The mayor then described Ramadan as a “profoundly important holiday,” before announcing the city will feed New York’s Muslims holy meals until late May.
“One of Ramadan’s most noble callings is to feed the hungry. And it’s a crucial part of how the holiday is celebrated, to remember to be there for those in need. And that is now harder than ever,” de Blasio continued.
“Obviously, people can’t go to their mosques. In fact, mosques have often been a place that those who were hungry, those who were poor, would know they could go during Ramadan to break the fast,” he said.
“They knew there would always be a meal there for them. That’s not going to be true in this season. So, we want to, the city of New York wants to support this community as we’re supporting all communities.”
As Muslim New Yorkers prepare to start the holy month of Ramadan tonight, Mayor Bill de Blasio says the city is taking steps to support the Muslim community with Halal food programs.
“Over half a million meals will be distributed during Ramadan” for Muslim New Yorkers in need pic.twitter.com/d4PbFtGMa5
— CBS News (@CBSNews) April 23, 2020
It’s nice to see the mayor step up and help a people of devoted faith during their time of worship.
He was threatening them, and it was just three weeks ago.

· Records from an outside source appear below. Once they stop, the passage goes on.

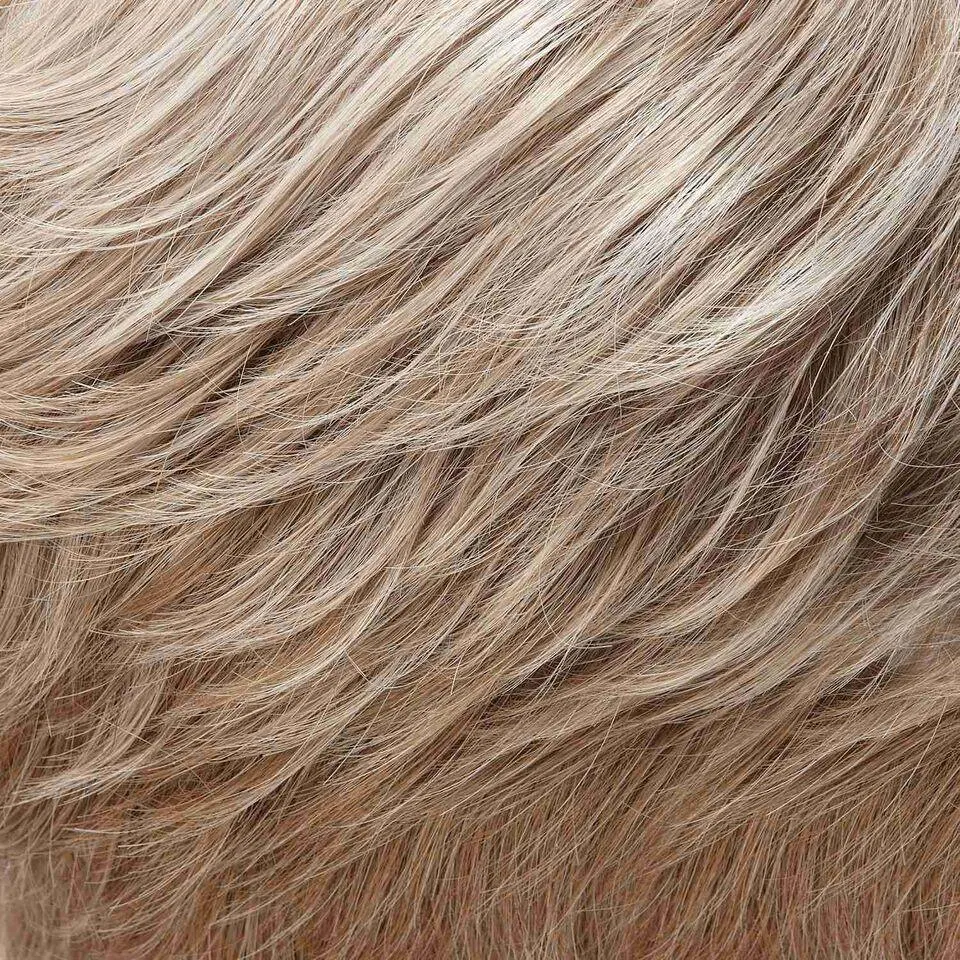 Peaches Wig by Jon Renau | Synthetic (Open Cap)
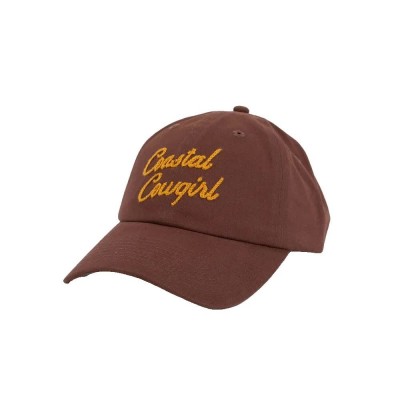 шапка,всички,шапки,hurley,coastal,cowgirl,cap,brown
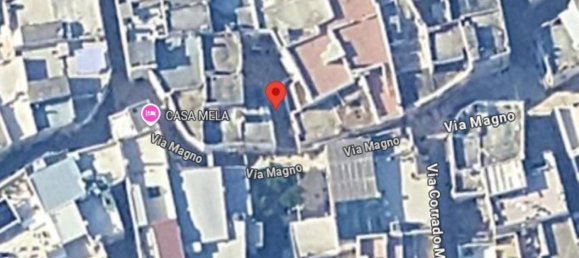 1 Schlafzimmer Wohnung in Grottaglie, Italy, Nr. 291358 9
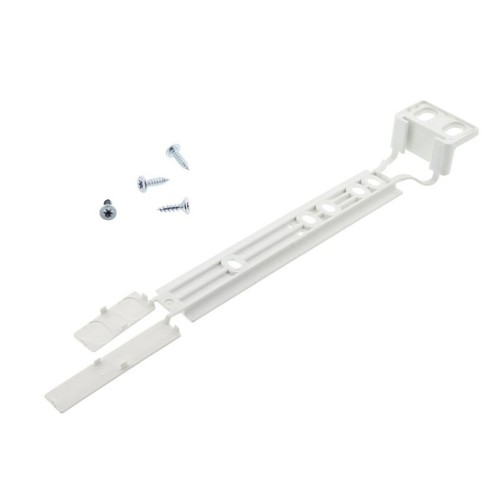 Kit trascinamento guida porta - kit,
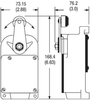 General Purpose Limit Switch - 801-ASC21 - Allen-Bradley / Rockwell Automation
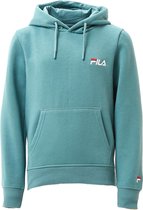 Fila Rorro Core Trui / Hoodie - Groen Kinderen - Maat 140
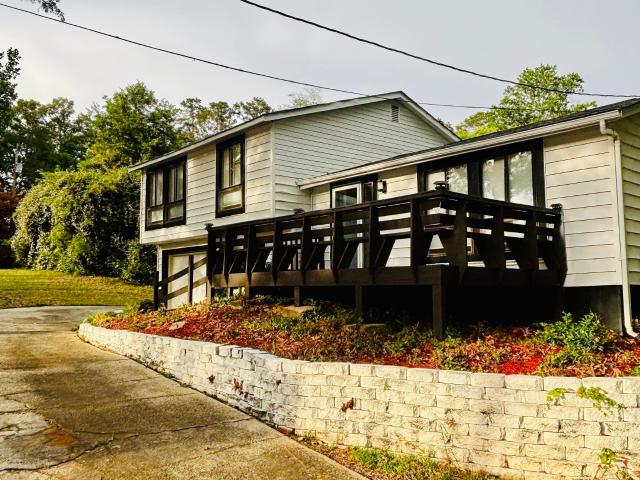 House for sale in Peachtree City, Georgia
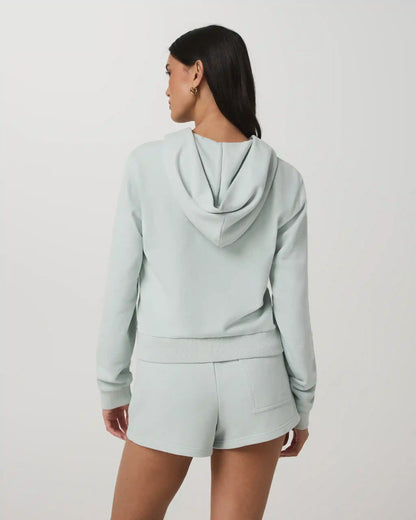 Sedona Classic Full Zip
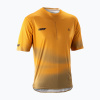Pánsky cyklistický dres Leatt MTB Trail 3.0 lager yellow Pánsky cyklistický dres Leatt MTB Trail 3.0 lager yellow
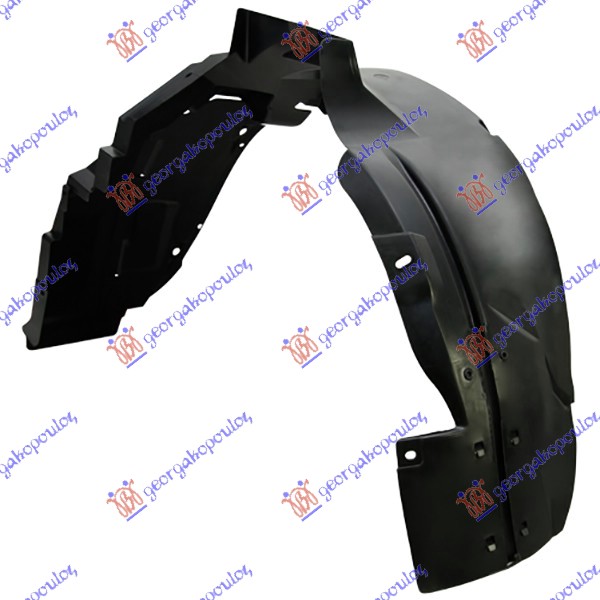 ΘΟΛΟΣ ΕΜΠΡΟΣ ΠΛΑΣΤΙΚΟΣ (Α ΠΟΙΟΤΗΤΑ) ΔΕΞ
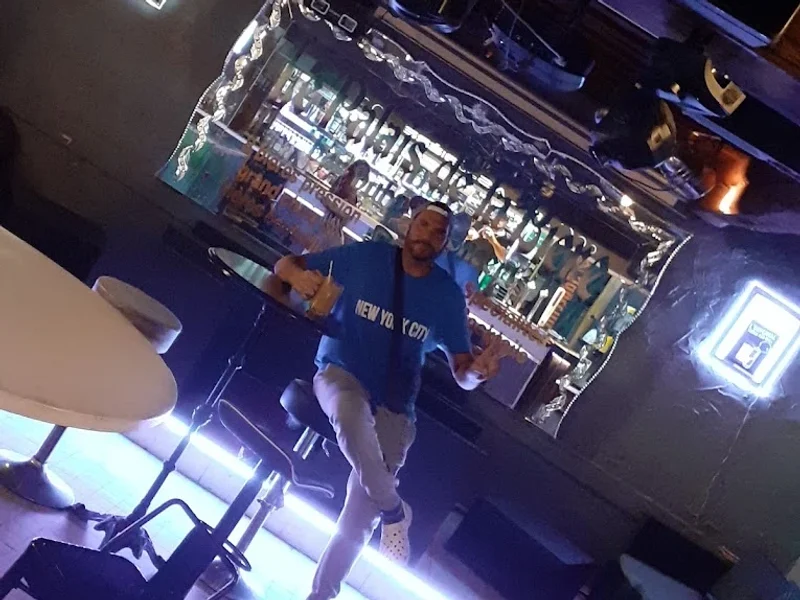 Le Palais de la Bière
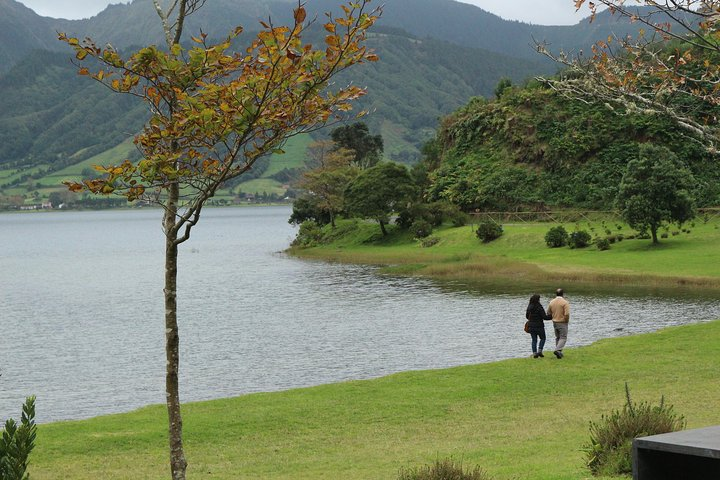 Lagoa das Sete Cidades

“So, I want to say to all those who are preparing the potential of religious services this weekend — if you go to your synagogue, if you go to your church and attempt to hold services after having been told so often not to, our enforcement agents will have no choice but to shut down those services,” de Blasio said two weeks before Good Friday.
“No faith tradition endorses anything that endangers the members of that faith,” he said.
“So, the NYPD, Fire Department, Buildings Department, and everyone has been instructed that if they see worship services going on, they will go to the officials of that congregation, they’ll inform them they need to stop the services and disperse,” he continued.
“If that does not happen, they will take additional action up to the point of fines and potentially closing the building permanently,” de Blasio concluded.
De Blasio: churches and synagogues that hold worship services may be closed permanently pic.twitter.com/kdUsdbP2YO
— Matthew Schmitz (@matthewschmitz) March 29, 2020
The mayor made no mention of mosques in those comments.
While I am not arguing against feeding anyone in need of a meal during this time of crisis and uncertainty, and recognize that New York undoubtedly has a better hold on its number of cases and hospitalizations than it did a few weeks ago, de Blasio’s sudden goodwill approach toward people of faith reeks of favoritism toward Islam and thus raises questions about its constitutionality.
In Lemon v. Kurtzman in 1971, the U.S. Supreme Court established a “Lemon Test” weighing whether acts or policies by government are unconstitutional based on the First Amendment’s prohibiting the establishment of a religion.
In order to be constitutional, such a policy must have a nonreligious purpose, not end up promoting or favoring any set of religious beliefs and it must not overly entangle the government with religion, the court ruled.
While de Blasio’s contrasting policies for getting people of faith to stay at home during the coronavirus crisis might not end up in court, it would be interesting to hear him explain why he used a stick against Christians and Jews while offering Muslims a carrot.
CORRECTION, April 24, 2020: When referencing Mayor de Blasio’s Thursday announcement about Ramadan, a previous version of this article erroneously stated that he described Islam as an important holiday in one instance. We apologize for the error, and to our readers for any confusion we may have caused.